My first experience of a free walking tour was at Strassbourg, a city in the eastern part of France (called the Alsace Region). Located not far from the Rhine river which separates the German-French border, one can arrive here from Germany by train (typically French high-speed TGVs or the German ICEs/ICs) as well as by intercity bus services from operators such as FlixBus. The city has repeatedly come under German rule in the past and the effects of this is quite noticeable. Owing to this and the European Union’s relaxed border controls, it would be no surprise if one momentarily forgets being in a different country. There is even a tram which operates between Strasbourg in France and Kehl in Germany across the Rhein river. One can also cycle or walk across the bridge/border.
The tour starts from the Strasbourg Cathedral and it is easy to notice the sign ‘Happy Strasbourg Tours’ on top of a staff peeping over all heads. The tour guide Gabriel is a local and yet spoke English with hardly a trace of the French accent. Our guide was cheerful, interactive and fun to listen to. He did not pass an opportunity to direct jolly remarks at the Germans in the group. Yet when he went on to narrate the story of the World Wars, he was sensible enough to convey the city’s history without causing the slightest discomfort to the participants. No booking is required to participate in the tour. The walking is steady-paced and covers a distance that is unlikely to tire one out.
The free walking tour at Nuremberg from Dorian, a local student who offers the tours on specific days, turned out to be a diverse group with many American tourists signing up for the tour. Considering the large number of participants, it is recommended to sign up for this in advance. In a sarcastic yet subtle manner, Dorian was prompt in conveying how Nuremberg losing its importance as an independent province and being sidelined by Munich after annexure to the Bavarian region, remains a cause of contempt among the locals. (Such history trivia are more relevant for sports fans, typically Football).
Part of the tour guide’s narration was about the last rally of the Nazis in the city before WW2 was officially declared, the Nuremberg trials that followed post war and how the city subsequently also became home to a monument dedicated to Human Rights, which in later years paved way to the United Nations’ Universal Declaration of Human Rights.

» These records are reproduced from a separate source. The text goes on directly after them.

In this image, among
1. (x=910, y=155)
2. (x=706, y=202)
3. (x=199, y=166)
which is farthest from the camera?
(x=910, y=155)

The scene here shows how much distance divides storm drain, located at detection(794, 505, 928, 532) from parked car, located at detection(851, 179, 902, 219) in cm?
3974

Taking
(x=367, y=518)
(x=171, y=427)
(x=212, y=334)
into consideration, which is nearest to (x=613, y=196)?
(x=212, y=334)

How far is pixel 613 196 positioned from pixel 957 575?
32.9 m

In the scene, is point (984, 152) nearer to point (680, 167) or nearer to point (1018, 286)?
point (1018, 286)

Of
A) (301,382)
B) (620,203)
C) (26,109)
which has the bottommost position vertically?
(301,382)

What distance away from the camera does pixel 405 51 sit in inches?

Dorian mentioned about the underground beer cellars of the city saving many city residents, including his own grandfather, from the bombings of WW2 and attributed it as yet another reason to drink beer.
A scaled version of older Zurich
The third free walking tour in Zurich’s Altstadt turned out to be more tiring with unluckily a summer heat wave raising mercury levels over most of western Europe in early August. Still the free drinking water available at the numerous fountains of the city turned out to be a huge relief. The story about how watches were the only ornaments allowed to be worn by the church a few centuries ago ultimately leading to today’s world famous Swiss watch brands was unique.
As an additional tip, since it is possible that Euros may not be accepted everywhere, holding a mutli-currency travel card to withdraw Swiss Francs can prove helpful.
Despite being a free tour, all the tour guides were quite dedicated, well-planned, punctual and had a good sense of humor making the tour as worthy as a paid one or even better. After the tour, the guides are ready to offer travel advice or recommend shops/restaurants/things to do without coercing anyone into particular choice.
And of course while it is free, participants are welcome to tip the guides willingly at the end of the tour based on how satisfied they were. Be assured that the guides will not force participants into tipping them. So rather than paying for a tour and then questioning its worth, here its about undertaking the tour and paying for the performance, if interested to. To me, it sounds reasonable and even perhaps along the lines of The Bhagavad Gita about doing one’s karma and accepting whatever maybe the outcome.